Культура повседневности: учебное пособие (Марков) - страница 164

Кибернетическая революция показала амбивалентность мозга и компьютера и поставила радикальный вопрос: кто я – человек или машина? Далее следует революция в биологии: кто я – человек или клон? Сексуальная революция в ходе виртуализации наслаждения ставит столь же радикальный вопрос: кто я – мужчина или женщина? Политические и социальные революции, прототипы всех остальных, поднимают вопрос об использовании собственной свободы и воли и последовательно подводят к проблеме: в чем, собственно, состоит наша воля, чего хочет человек, чего он ждет? Вот поистине неразрешимая проблема! И в этом парадокс революции: ее результаты вызывают неуверенность и страх. Оргия, возникшая вслед за попытками освобождения и поисками своей сексуальной идентичности, состоит в циркуляции знаков. Но она не дает никаких ответов относительно проблемы идентичности.

Культура еды

Рекламные клипы с томными красавицами, сладострастно сосущими шоколад, не являются выражением другой страсти. Любители вкусного действительно получают «райское наслаждение». Итак, маленькая округлая конфета в хрустящей обертке. Мы снимаем обертку и вдыхаем аромат шоколада, которым пропитана бумага. Запах усиливается по мере того, как конфета приближается к нашему носу. Мы складываем губы колечком, предвкушая удовольствие, и мягкими, сразу же пропахшими шоколадом пальцами кладем ее в рот. Язык подхватывает маленькую круглую пилюлю и ласково обсасывает ее. Небо слегка щиплет, гортань слегка дрожит, набегает слюна, растворяющая сладость, и мы принимаем ее целиком. Первый слабый глоток – и пик наслаждения проходит, уступая место томному сосредоточенному насыщению. Сладость еще путешествует по пищеводу, а мы уже готовится принять новую порцию шоколада.

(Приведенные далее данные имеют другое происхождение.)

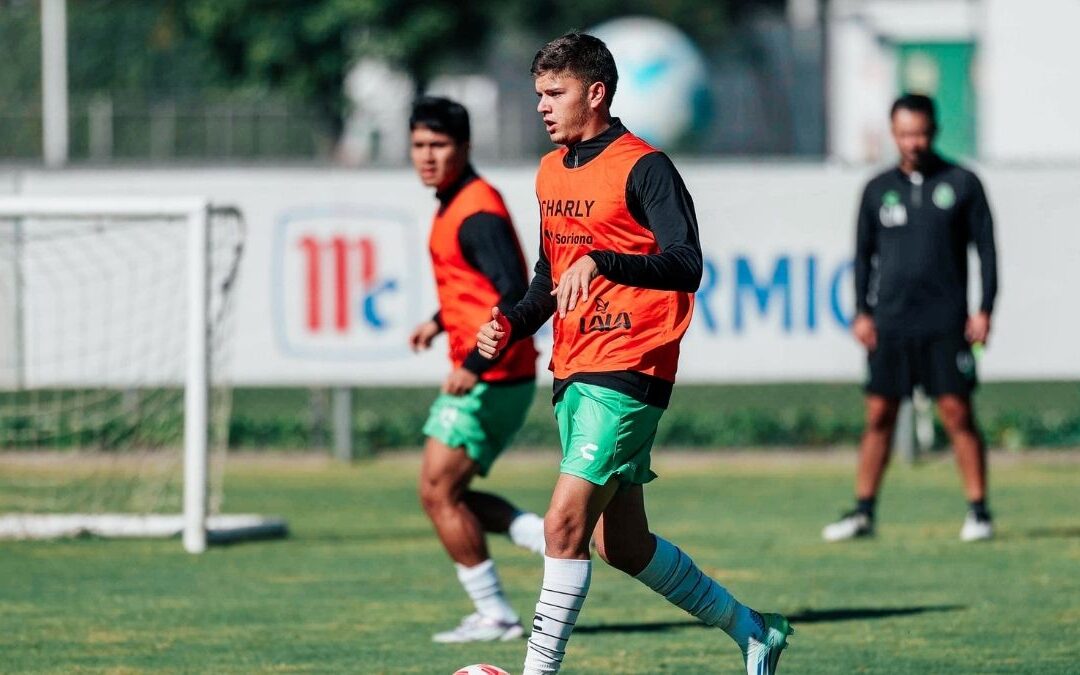 Santos Laguna se prepara para el 2026 con la mira en la Liguilla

Цивилизационная роль способов, правил и ритуалов еды не ограничивается примитивным распределением ее между членами общества согласно занимаемым ими местам и не сводится к этикету, укрощающему инстинкты. Разного рода воздержания и посты предполагают как внутреннюю готовность, так и внешнюю санкцию, одобряющую или не одобряющую воздержание в то или иное время. На самом деле в совместном принятии пищи одни дают, а другие берут, и это тоже не сводится к этике дара и формированию чувства солидарности и благодарности. Давать и брать пищу – это тонко организованные стратегии поведения, в которых как гость, так и хозяин достигают некоего равновесия. Хозяин копит лучшую пищу с тем, чтобы пригласить гостей и получить удовольствие вместе с ними. С одной стороны, кажется, что гости играют в застолье подчиненную роль; они не могут осуждать ни поданную пищу, ни обхождение за столом. Принимая приглашение, гости исполняют акт признания по отношению к хозяину. С другой стороны, приглашенный тоже может занять властную позицию и отказаться, считая ниже себя сидеть за одним столом с чужими. Но даже если речь не о знатном госте, все равно почетен любой гость. Тот, кто просил и получил гостеприимство, кто бы ни был он по своим социальным, этическим, профессиональным характеристикам, безусловный господин в доме, и все стараются ему услужить.